• **Work required**:
Every line of the data below is to be given again as it appears, with the images removed.

• **Excerpted records**:
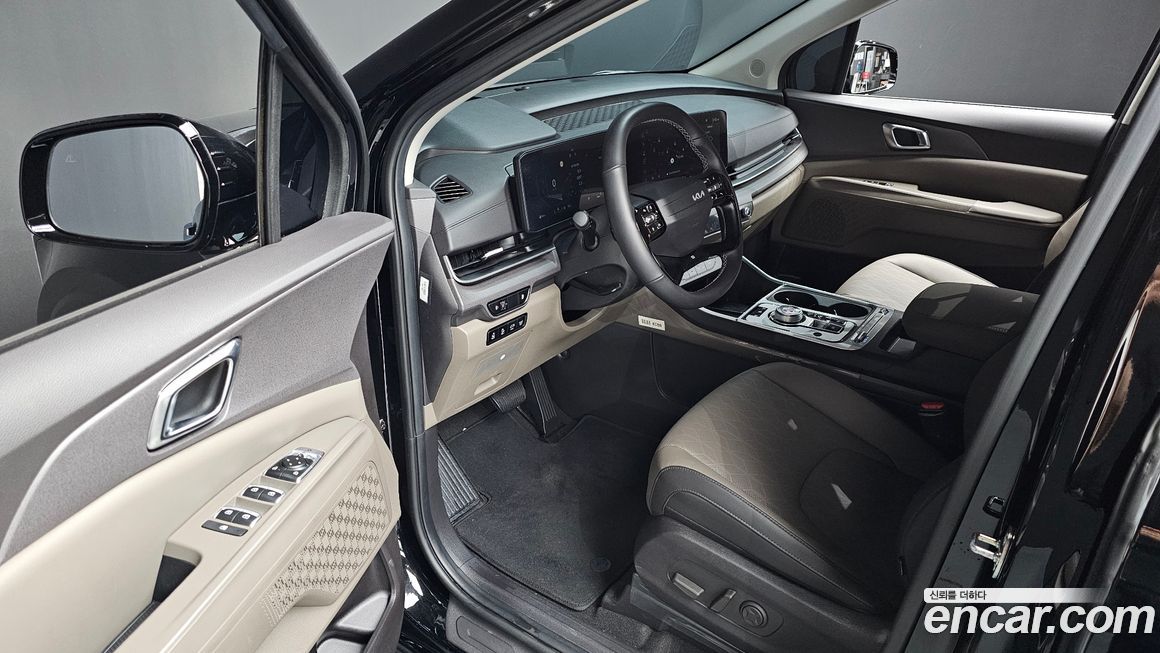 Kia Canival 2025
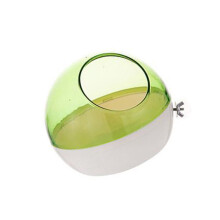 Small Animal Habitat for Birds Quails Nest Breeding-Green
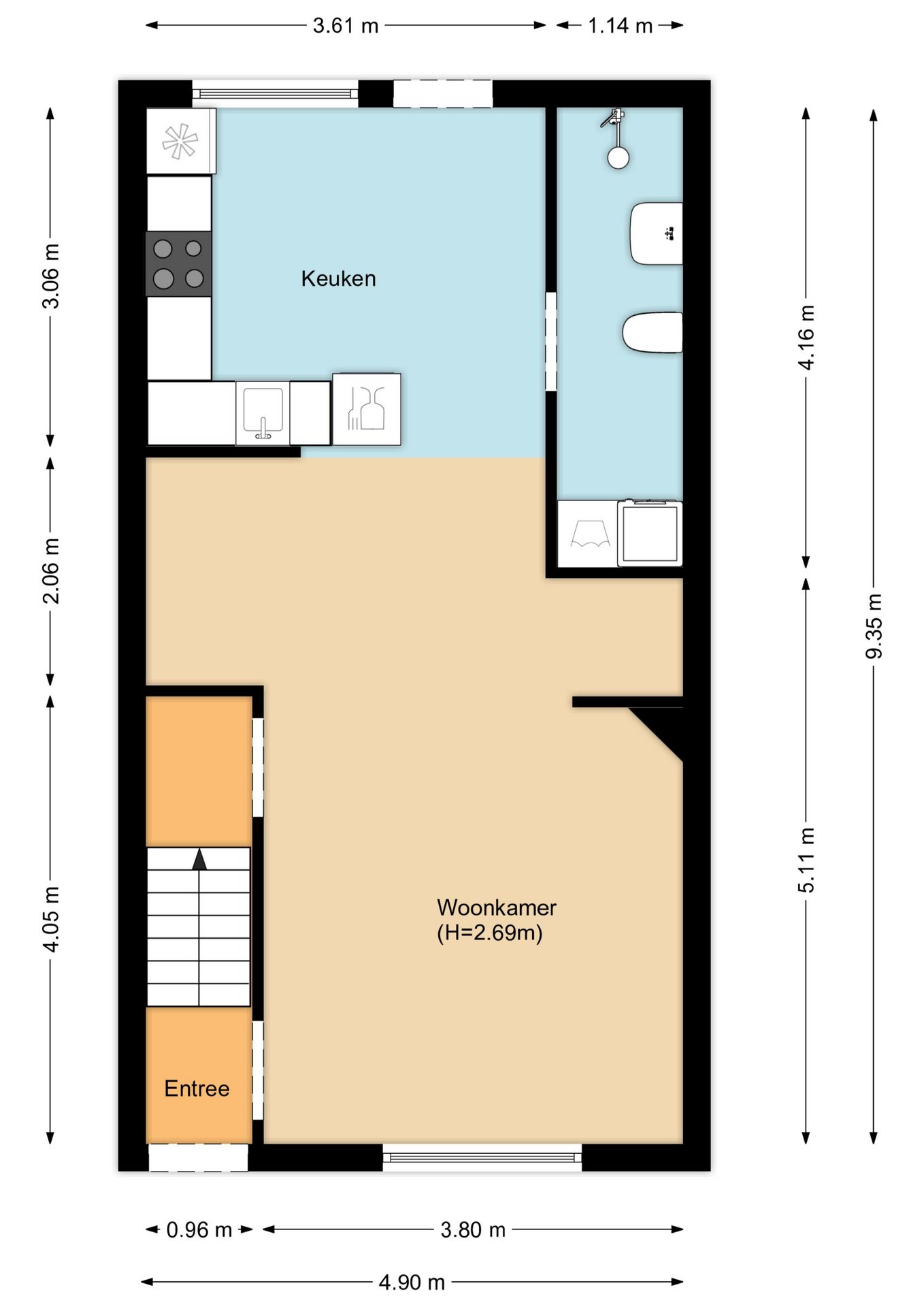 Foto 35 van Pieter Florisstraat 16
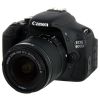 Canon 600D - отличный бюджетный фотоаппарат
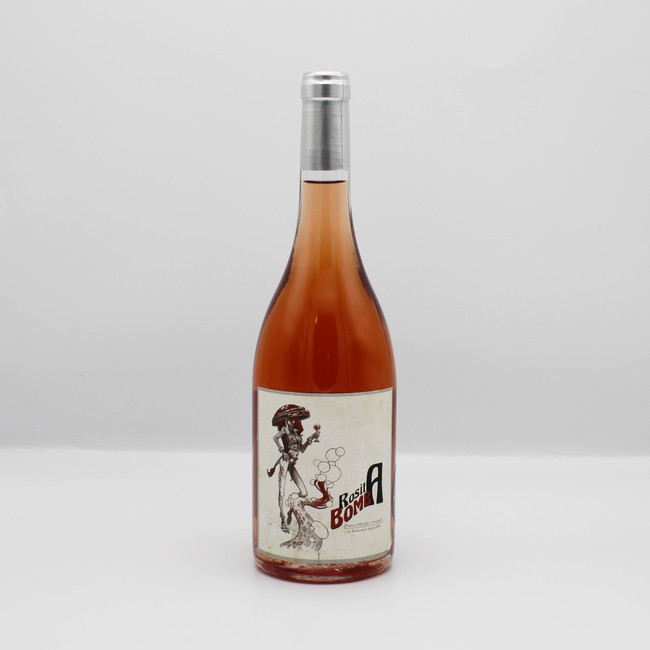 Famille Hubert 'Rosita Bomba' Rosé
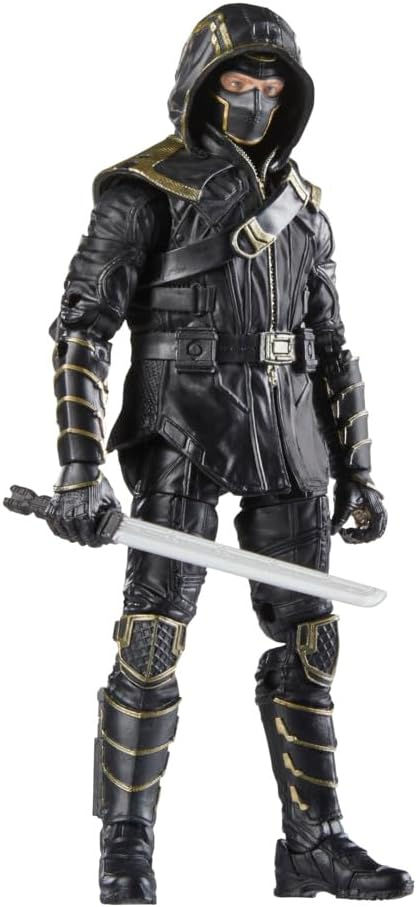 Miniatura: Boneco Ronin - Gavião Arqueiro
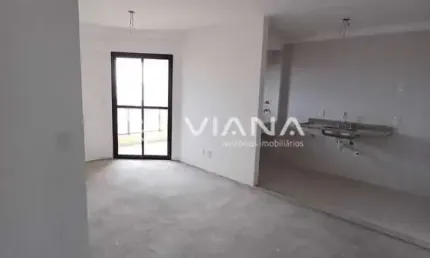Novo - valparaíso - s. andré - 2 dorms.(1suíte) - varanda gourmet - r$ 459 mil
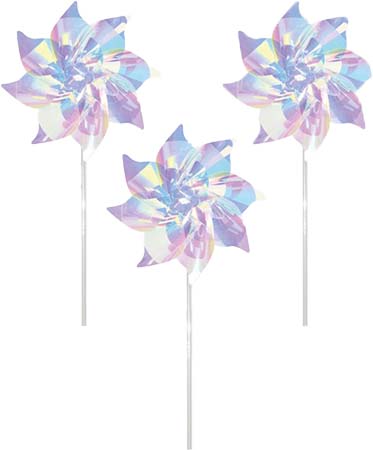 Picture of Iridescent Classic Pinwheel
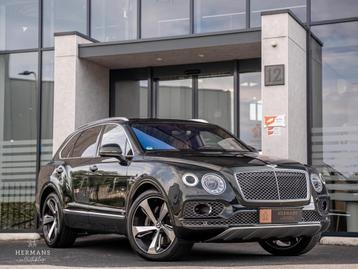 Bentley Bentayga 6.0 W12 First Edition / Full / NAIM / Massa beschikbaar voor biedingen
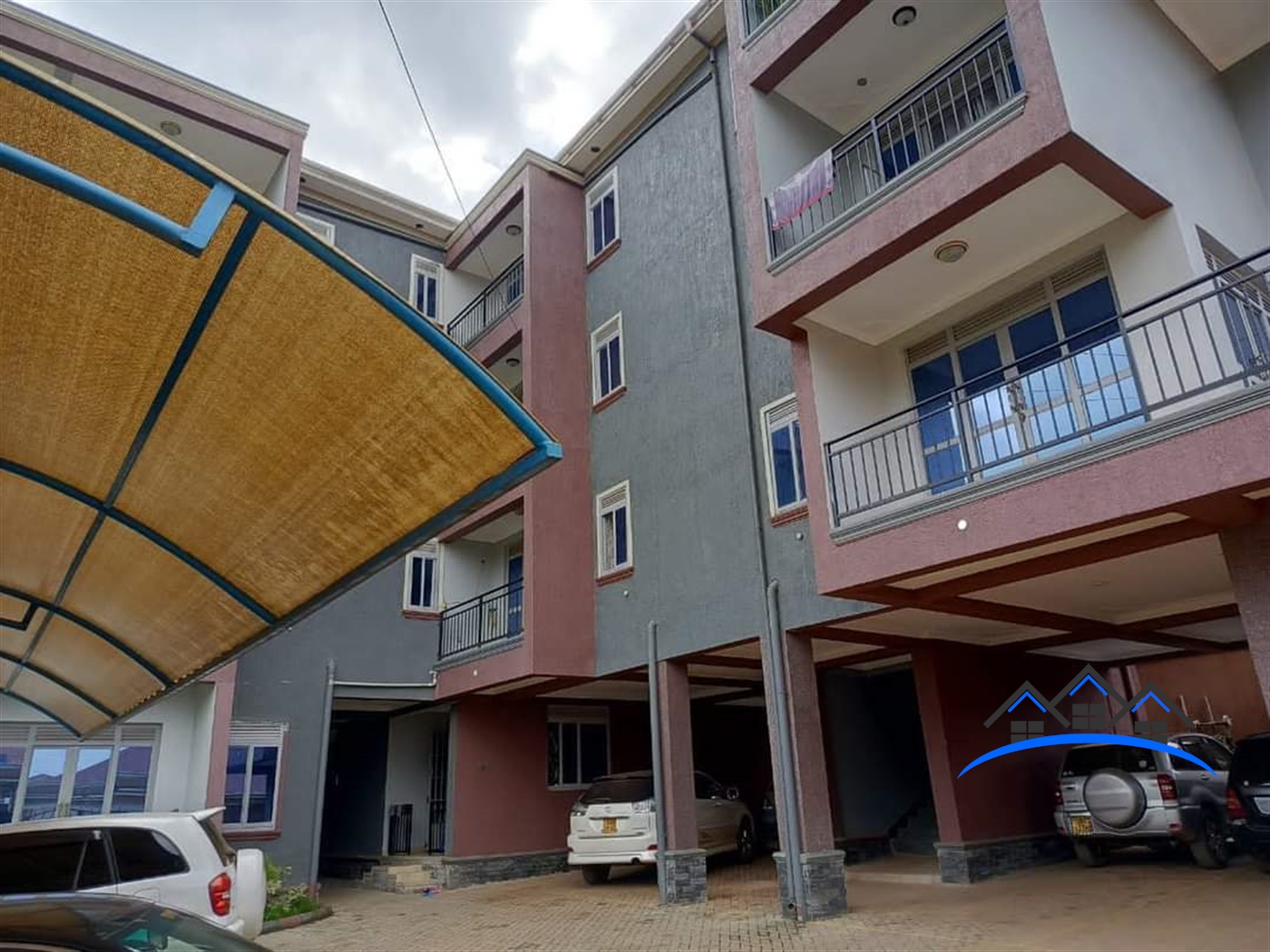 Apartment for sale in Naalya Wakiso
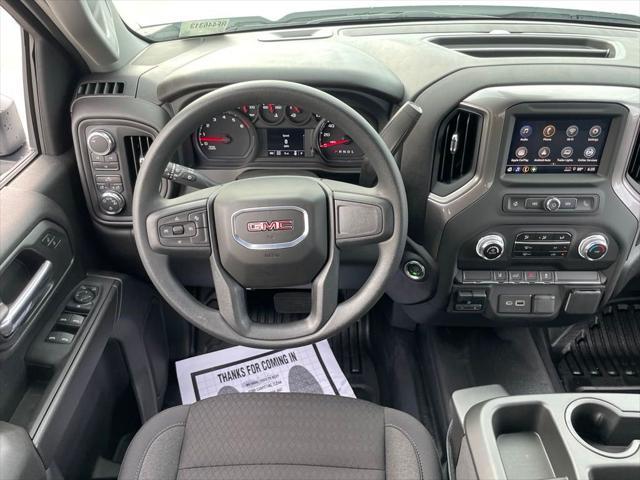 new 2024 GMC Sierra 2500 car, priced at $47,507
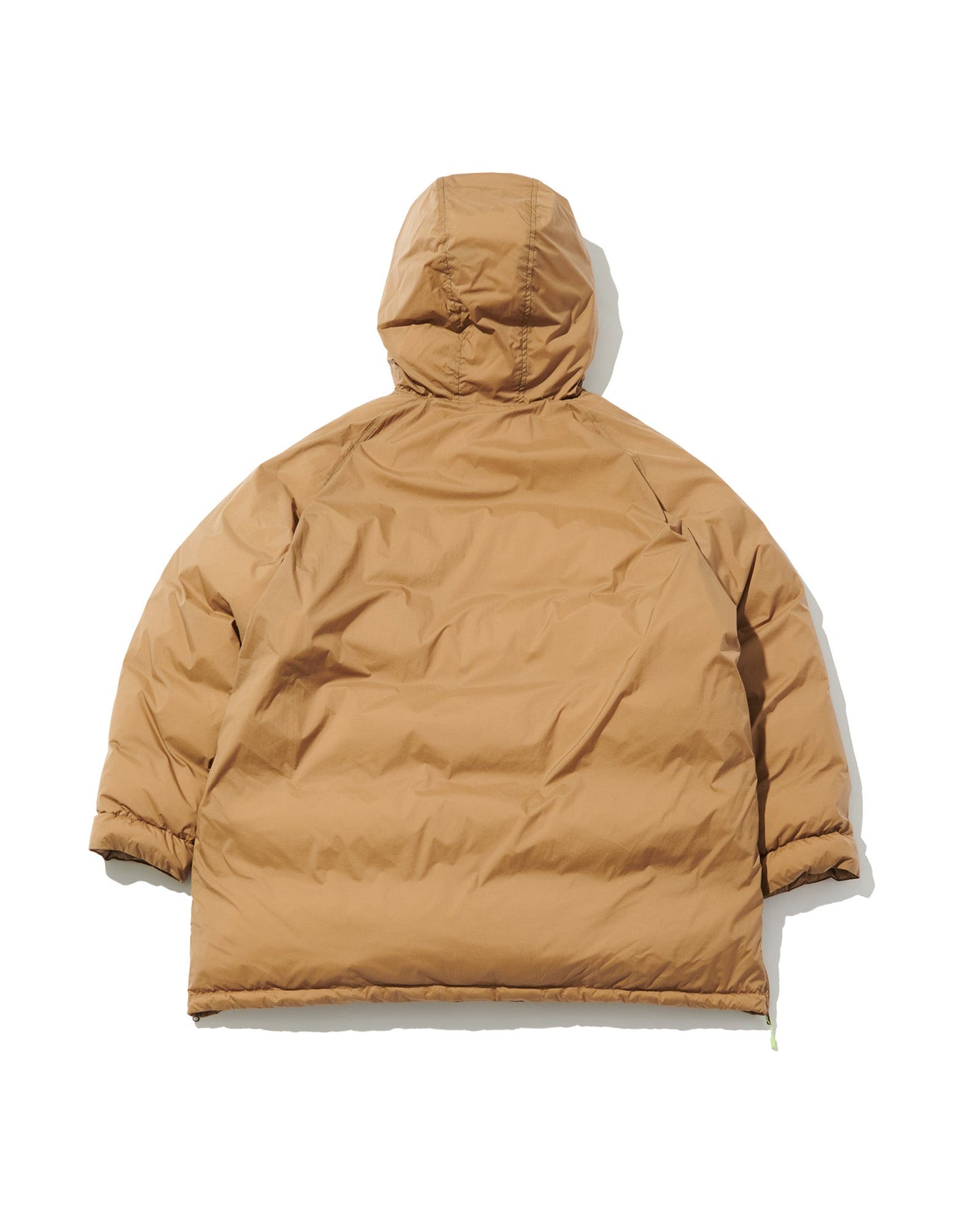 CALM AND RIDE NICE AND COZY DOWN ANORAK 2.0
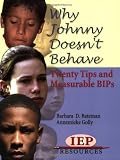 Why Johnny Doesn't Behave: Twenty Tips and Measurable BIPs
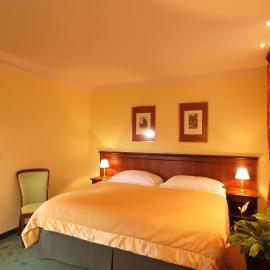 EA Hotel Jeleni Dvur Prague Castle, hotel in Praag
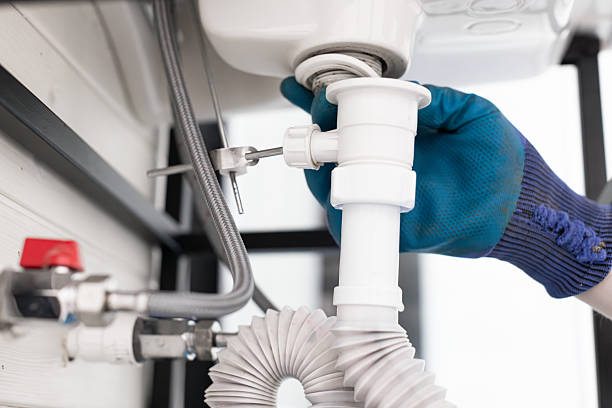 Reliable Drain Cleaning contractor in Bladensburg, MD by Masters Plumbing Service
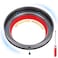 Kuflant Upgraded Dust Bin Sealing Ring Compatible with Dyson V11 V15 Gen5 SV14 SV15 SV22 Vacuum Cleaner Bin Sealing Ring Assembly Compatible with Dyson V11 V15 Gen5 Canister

• **Solution for this problem**:
 Kia Canival 2025
 Small Animal Habitat for Birds Quails Nest Breeding-Green
 Foto 35 van Pieter Florisstraat 16
 Canon 600D - отличный бюджетный фотоаппарат
 Famille Hubert 'Rosita Bomba' Rosé
 Miniatura: Boneco Ronin - Gavião Arqueiro
Novo - valparaíso - s. andré - 2 dorms.(1suíte) - varanda gourmet - r$ 459 mil
 Picture of Iridescent Classic Pinwheel
 Bentley Bentayga 6.0 W12 First Edition / Full / NAIM / Massa beschikbaar voor biedingen
 Apartment for sale in Naalya Wakiso
 new 2024 GMC Sierra 2500 car, priced at $47,507
 CALM AND RIDE NICE AND COZY DOWN ANORAK 2.0
 Why Johnny Doesn't Behave: Twenty Tips and Measurable BIPs
 EA Hotel Jeleni Dvur Prague Castle, hotel in Praag
 Reliable Drain Cleaning contractor in Bladensburg, MD by Masters Plumbing Service
 Kuflant Upgraded Dust Bin Sealing Ring Compatible with Dyson V11 V15 Gen5 SV14 SV15 SV22 Vacuum Cleaner Bin Sealing Ring Assembly Compatible with Dyson V11 V15 Gen5 Canister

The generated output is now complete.